Usually people share blankets and lawn chairs, but this year umbrellas and big blue tarps were in high demand, too, as picnickers claimed their spots at the Spokane Symphony’s traditional Labor Day concert in Comstock Park.

Showers came and went all afternoon, but the sun broke through around 5 p.m.

John and Su Funkhouser came from Post Falls, undeterred by the showers they hit on the way.

“We came through some pretty heavy downpours, but we just love the symphony. We wanted to be here,” Su Funkhouser said.

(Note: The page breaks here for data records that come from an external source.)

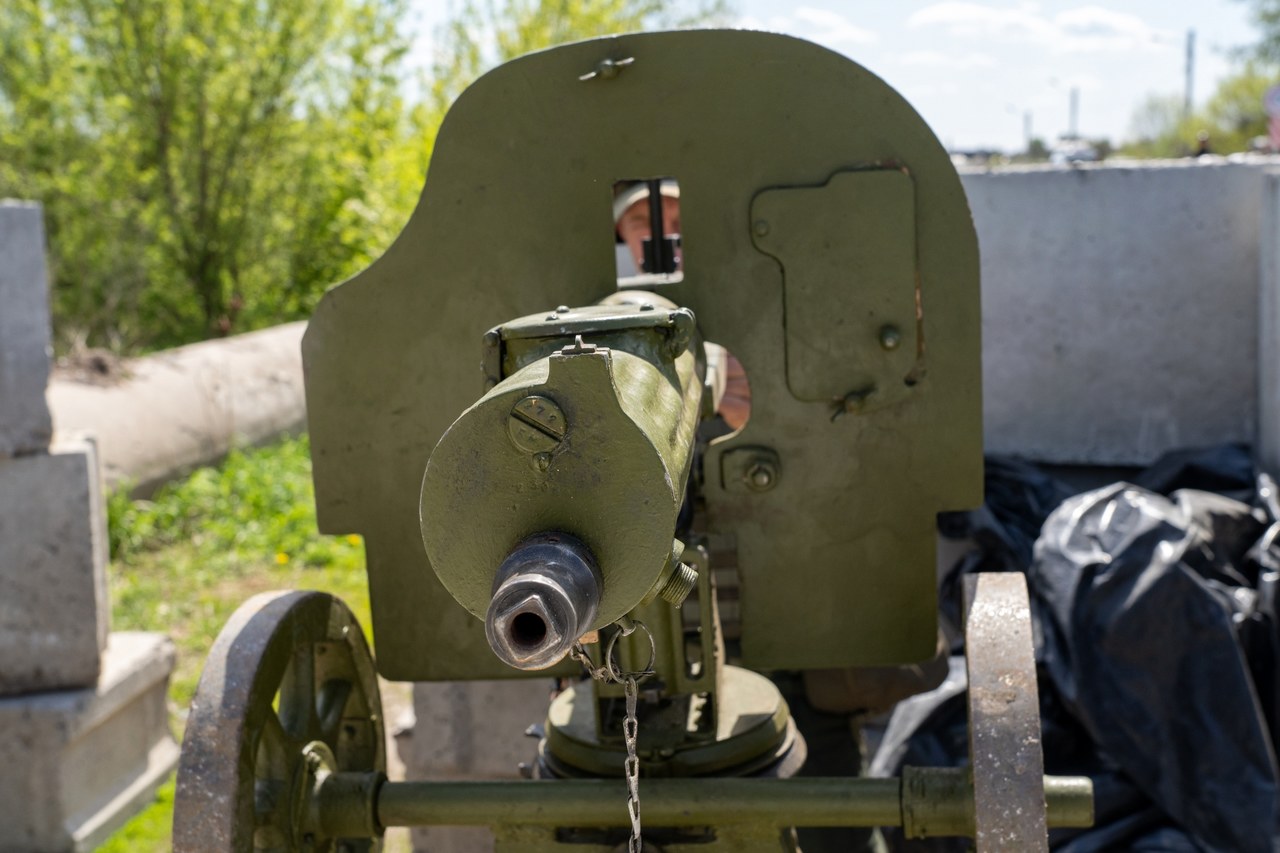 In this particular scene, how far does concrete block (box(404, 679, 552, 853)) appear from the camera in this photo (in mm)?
4207

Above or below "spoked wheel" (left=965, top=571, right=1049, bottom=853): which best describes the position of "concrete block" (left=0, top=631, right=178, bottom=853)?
below

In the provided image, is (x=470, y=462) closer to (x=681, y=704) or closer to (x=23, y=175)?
(x=681, y=704)

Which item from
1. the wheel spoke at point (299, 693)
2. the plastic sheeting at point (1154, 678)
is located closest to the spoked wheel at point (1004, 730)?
the wheel spoke at point (299, 693)

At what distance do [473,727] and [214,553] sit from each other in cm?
325

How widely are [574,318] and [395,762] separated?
2.89 metres

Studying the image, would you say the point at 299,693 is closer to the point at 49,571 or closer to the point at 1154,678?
the point at 49,571

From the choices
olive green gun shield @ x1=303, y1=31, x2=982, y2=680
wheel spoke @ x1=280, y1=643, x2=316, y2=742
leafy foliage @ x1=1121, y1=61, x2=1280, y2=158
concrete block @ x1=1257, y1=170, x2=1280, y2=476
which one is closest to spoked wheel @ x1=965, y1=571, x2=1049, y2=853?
olive green gun shield @ x1=303, y1=31, x2=982, y2=680

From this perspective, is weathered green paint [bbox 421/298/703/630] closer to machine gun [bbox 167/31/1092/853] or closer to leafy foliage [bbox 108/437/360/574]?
machine gun [bbox 167/31/1092/853]

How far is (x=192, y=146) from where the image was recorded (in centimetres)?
1352

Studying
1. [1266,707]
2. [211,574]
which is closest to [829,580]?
[1266,707]

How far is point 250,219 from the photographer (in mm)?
14102

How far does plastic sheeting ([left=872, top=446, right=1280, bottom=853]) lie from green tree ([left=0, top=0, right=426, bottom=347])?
8.90 meters

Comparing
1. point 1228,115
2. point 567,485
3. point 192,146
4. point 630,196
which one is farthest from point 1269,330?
point 1228,115

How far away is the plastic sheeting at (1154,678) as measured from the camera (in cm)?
371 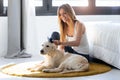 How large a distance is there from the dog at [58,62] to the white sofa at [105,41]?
0.35 metres

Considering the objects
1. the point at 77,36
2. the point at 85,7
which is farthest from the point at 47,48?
the point at 85,7

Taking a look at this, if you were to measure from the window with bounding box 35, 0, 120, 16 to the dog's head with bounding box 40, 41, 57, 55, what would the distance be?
5.52 ft

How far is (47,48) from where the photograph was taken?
2844 mm

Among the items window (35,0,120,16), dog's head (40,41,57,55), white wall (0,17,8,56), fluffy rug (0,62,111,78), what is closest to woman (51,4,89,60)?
dog's head (40,41,57,55)

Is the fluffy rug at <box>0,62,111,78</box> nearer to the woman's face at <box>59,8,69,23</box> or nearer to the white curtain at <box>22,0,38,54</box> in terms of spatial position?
the woman's face at <box>59,8,69,23</box>

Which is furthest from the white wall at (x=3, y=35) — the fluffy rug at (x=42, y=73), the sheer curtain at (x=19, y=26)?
the fluffy rug at (x=42, y=73)

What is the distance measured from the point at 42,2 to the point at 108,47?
1729mm

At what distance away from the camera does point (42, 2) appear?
4.50m

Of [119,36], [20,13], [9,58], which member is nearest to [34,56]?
[9,58]

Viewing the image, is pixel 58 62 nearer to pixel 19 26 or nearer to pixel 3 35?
pixel 19 26

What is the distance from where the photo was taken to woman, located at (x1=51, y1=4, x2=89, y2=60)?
3.14m

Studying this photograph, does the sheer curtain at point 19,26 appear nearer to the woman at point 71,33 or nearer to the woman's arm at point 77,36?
the woman at point 71,33

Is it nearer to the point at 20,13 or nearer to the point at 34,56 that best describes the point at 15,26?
the point at 20,13

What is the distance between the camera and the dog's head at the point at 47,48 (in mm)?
2834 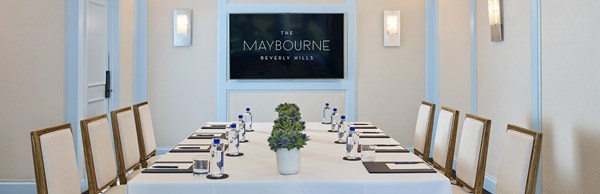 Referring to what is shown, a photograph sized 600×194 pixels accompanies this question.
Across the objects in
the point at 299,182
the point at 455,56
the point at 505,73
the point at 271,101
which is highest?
the point at 455,56

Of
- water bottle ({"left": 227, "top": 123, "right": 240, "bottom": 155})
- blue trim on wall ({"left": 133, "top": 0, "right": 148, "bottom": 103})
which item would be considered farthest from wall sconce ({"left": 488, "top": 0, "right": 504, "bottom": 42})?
blue trim on wall ({"left": 133, "top": 0, "right": 148, "bottom": 103})

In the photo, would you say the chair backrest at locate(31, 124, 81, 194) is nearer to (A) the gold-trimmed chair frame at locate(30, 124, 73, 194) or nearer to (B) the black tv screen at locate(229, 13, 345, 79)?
(A) the gold-trimmed chair frame at locate(30, 124, 73, 194)

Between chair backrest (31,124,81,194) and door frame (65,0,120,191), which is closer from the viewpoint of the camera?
chair backrest (31,124,81,194)

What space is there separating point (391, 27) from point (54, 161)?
15.3ft

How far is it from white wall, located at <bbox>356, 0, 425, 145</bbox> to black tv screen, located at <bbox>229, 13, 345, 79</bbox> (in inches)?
12.5

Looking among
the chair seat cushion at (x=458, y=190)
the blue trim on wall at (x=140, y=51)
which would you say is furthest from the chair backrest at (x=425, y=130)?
the blue trim on wall at (x=140, y=51)

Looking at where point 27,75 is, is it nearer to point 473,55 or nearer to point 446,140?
point 446,140

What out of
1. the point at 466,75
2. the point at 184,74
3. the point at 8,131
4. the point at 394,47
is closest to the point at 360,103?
the point at 394,47

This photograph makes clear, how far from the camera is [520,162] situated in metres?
2.46

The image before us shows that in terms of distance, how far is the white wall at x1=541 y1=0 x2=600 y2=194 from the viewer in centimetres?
316

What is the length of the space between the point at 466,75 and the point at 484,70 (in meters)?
0.46

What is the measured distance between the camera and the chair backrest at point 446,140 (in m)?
3.39

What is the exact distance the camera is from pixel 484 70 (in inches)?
193

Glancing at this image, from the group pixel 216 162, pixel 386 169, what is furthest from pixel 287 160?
pixel 386 169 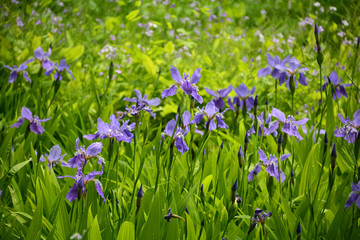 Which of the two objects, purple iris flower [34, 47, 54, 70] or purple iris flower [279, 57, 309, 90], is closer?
purple iris flower [279, 57, 309, 90]

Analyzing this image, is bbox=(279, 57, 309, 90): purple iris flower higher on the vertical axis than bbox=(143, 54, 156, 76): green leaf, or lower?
higher

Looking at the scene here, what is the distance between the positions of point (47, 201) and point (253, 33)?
16.7 feet

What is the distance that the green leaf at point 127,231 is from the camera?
3.39 ft

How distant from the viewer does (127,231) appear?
1045 millimetres

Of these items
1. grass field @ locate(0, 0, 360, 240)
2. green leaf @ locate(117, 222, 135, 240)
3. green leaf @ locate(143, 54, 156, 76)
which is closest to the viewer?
green leaf @ locate(117, 222, 135, 240)

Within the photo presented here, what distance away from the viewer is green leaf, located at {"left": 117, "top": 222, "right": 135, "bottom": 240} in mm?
1033

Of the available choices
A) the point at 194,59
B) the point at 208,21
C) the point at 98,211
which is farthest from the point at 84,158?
the point at 208,21

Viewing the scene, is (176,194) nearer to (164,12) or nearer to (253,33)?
(164,12)

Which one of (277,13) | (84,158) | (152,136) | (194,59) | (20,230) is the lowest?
(277,13)

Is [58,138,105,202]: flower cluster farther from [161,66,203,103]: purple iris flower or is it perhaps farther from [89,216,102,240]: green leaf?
[161,66,203,103]: purple iris flower

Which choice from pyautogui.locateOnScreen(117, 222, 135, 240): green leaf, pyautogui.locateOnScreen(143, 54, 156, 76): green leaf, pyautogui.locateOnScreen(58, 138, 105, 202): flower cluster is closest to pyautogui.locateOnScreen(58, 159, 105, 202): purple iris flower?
pyautogui.locateOnScreen(58, 138, 105, 202): flower cluster

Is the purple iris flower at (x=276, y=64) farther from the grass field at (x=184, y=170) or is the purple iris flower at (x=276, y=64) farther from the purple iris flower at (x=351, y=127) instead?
the purple iris flower at (x=351, y=127)

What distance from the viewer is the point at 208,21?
6.38m

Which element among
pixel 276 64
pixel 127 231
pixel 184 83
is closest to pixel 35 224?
pixel 127 231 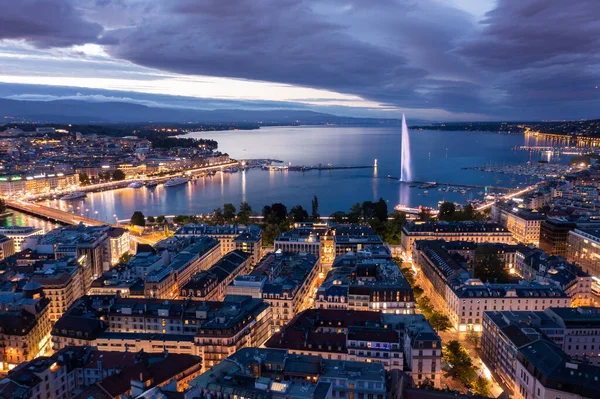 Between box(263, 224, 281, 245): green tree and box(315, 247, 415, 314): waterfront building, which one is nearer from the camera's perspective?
box(315, 247, 415, 314): waterfront building

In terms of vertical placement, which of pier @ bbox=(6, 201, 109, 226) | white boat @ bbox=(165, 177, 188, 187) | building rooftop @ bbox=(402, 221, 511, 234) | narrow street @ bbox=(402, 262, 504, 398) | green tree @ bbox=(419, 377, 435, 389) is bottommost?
narrow street @ bbox=(402, 262, 504, 398)

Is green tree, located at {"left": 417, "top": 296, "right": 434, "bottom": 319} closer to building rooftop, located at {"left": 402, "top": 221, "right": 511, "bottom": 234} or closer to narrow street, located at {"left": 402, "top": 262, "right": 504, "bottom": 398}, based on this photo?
narrow street, located at {"left": 402, "top": 262, "right": 504, "bottom": 398}

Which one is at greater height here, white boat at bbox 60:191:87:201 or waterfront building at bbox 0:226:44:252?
waterfront building at bbox 0:226:44:252

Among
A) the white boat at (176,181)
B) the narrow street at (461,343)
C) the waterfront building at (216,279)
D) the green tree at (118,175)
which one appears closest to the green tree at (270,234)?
the waterfront building at (216,279)

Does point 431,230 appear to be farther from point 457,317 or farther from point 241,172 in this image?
point 241,172

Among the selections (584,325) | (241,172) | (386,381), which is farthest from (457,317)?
(241,172)

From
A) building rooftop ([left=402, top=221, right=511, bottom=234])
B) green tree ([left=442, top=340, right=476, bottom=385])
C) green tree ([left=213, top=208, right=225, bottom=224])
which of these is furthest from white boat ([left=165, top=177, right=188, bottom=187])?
green tree ([left=442, top=340, right=476, bottom=385]) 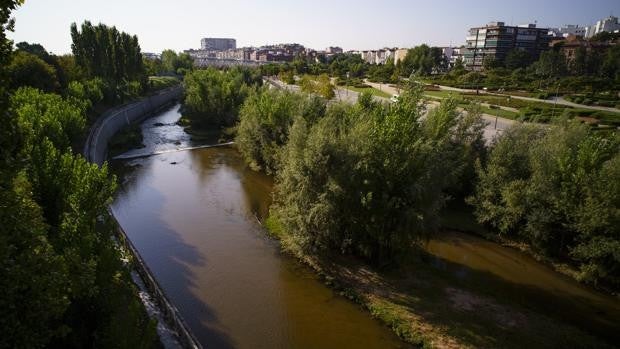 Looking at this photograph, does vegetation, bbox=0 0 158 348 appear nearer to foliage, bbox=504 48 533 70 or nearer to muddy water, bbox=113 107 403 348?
muddy water, bbox=113 107 403 348

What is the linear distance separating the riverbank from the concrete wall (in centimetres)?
2502

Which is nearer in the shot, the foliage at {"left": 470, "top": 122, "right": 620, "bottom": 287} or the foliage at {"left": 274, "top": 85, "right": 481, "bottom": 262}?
the foliage at {"left": 274, "top": 85, "right": 481, "bottom": 262}

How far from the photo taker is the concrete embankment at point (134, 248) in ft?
47.6

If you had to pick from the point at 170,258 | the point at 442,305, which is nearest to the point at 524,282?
the point at 442,305

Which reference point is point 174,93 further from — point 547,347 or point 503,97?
point 547,347

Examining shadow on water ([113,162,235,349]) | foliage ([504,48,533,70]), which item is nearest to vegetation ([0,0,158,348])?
shadow on water ([113,162,235,349])

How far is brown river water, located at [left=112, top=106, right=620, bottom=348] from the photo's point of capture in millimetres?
17219

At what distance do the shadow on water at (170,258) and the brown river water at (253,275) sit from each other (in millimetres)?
54

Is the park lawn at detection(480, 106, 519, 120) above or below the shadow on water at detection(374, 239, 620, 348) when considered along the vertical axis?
above

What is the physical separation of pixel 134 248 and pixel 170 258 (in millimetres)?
2698

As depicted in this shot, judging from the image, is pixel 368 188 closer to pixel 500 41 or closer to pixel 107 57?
pixel 107 57

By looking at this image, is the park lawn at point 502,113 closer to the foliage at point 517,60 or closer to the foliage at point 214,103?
the foliage at point 214,103

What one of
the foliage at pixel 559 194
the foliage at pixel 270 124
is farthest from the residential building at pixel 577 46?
the foliage at pixel 559 194

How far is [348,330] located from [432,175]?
28.2 feet
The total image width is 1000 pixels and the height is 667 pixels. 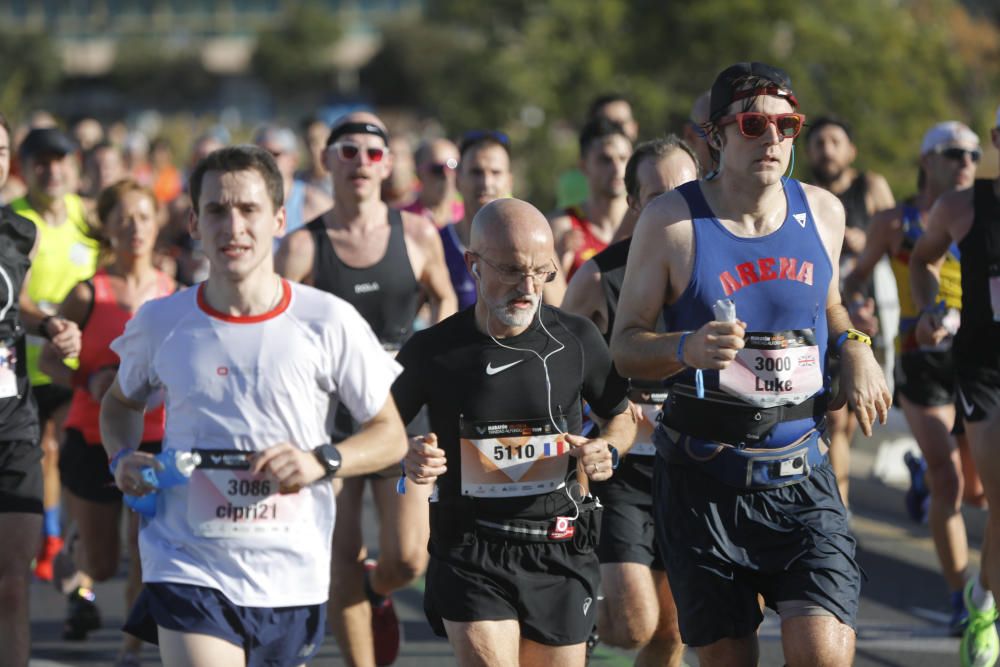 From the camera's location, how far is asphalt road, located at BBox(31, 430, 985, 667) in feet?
23.7

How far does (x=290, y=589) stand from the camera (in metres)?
4.28

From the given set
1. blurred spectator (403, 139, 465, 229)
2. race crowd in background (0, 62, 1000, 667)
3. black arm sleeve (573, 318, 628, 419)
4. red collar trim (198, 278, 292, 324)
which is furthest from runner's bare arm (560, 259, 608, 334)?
blurred spectator (403, 139, 465, 229)

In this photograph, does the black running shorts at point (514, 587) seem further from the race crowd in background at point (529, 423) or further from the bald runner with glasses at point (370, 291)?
the bald runner with glasses at point (370, 291)

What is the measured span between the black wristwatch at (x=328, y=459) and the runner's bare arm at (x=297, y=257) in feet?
8.42

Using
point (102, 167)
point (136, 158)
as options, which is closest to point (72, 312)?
point (102, 167)

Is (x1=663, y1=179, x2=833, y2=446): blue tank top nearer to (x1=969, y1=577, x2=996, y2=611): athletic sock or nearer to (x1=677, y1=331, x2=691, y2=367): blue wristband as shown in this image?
(x1=677, y1=331, x2=691, y2=367): blue wristband

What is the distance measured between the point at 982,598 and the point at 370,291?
9.23 feet

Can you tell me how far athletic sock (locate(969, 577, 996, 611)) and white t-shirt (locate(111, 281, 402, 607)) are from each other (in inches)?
131

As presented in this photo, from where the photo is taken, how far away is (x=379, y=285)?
6.79m

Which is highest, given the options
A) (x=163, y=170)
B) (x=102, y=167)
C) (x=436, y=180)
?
(x=163, y=170)

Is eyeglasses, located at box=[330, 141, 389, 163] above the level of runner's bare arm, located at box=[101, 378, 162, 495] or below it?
above

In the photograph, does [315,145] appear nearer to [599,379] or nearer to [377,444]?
[599,379]

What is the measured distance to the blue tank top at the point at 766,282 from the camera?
463 cm

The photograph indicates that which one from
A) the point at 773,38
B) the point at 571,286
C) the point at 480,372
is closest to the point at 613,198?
the point at 571,286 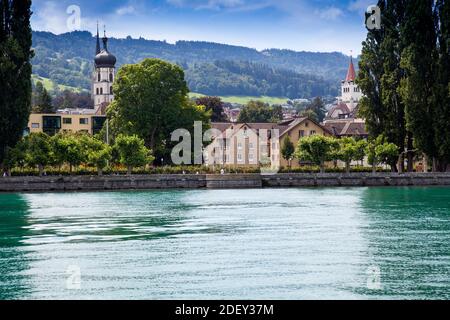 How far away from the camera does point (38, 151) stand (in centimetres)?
9906

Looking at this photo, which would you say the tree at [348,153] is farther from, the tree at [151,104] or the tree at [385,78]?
the tree at [151,104]

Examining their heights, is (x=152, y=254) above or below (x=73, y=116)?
below

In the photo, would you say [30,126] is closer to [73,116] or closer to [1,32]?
[73,116]

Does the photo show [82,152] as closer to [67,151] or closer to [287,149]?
[67,151]

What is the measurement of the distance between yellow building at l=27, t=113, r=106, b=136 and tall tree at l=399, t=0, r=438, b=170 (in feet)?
231

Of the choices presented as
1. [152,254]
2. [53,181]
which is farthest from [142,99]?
[152,254]

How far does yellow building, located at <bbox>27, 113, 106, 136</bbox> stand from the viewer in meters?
154

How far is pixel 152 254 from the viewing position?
4425 centimetres

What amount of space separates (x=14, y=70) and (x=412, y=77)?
34.6 meters

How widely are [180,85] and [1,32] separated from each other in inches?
1065

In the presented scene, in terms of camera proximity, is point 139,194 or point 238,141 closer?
point 139,194

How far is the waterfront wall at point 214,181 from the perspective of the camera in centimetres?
9611

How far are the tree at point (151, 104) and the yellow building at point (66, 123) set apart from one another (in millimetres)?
41517

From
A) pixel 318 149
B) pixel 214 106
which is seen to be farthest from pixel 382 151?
pixel 214 106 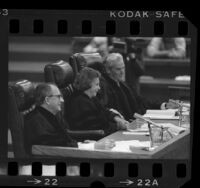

They had stopped at a sandwich shop on the way, and got in early to stake a good spot in front of the stage.

John Funkhouser passed the time reading while his wife knitted. “We have been here many times before, but it’s been a couple of years since we last made it,” Su Funkhouser said. “We weren’t going to miss this one.”

The symphony’s marketing and public relations director, Annie Matlow, was a little worried about low attendance, but her mood lifted as the skies cleared and the lawn in front of the stage filled up. “Our symphony fans are just hard-core,” she said, adding that at rehearsal Sunday evening, heaters were placed on stage not so much to warm the musicians but to protect the instruments.

Symphony Music Director Eckart Preu and resident conductor Morihiko Nakahara were in charge of the program, which included classical music by Beethoven, Rossini and Strauss, as well as some popular tunes.

“I’m here for John Williams,” John Funkhouser said. “I just love him.”

The concert event included a fall arts fair where organizations such as the Corbin Art Center, First Night Spokane and local theater and music organizations promoted their fall programs.

The Spokane Symphony also offered its Instrument Petting Zoo, where children could play tambourines, flutes and a violin.

Greg Youmans was there promoting the newly formed honk band P-Jammers Community Marching Band, a street band that performs at peace rallies and public protests.

“Yes, it is my brainchild,” Youmans said. “What I like is that we are not affiliated with any academic institution or other big organization. We just show up and play.” Honk bands began to form at rallies protesting the Iraq war. The name refers to what motorists do when they drive by political rallies they support. “There is actually quite a honk movement going on across the country,” Youmans said.

He said the band will perform at 4 p.m. Wednesday in front of the federal building in downtown Spokane.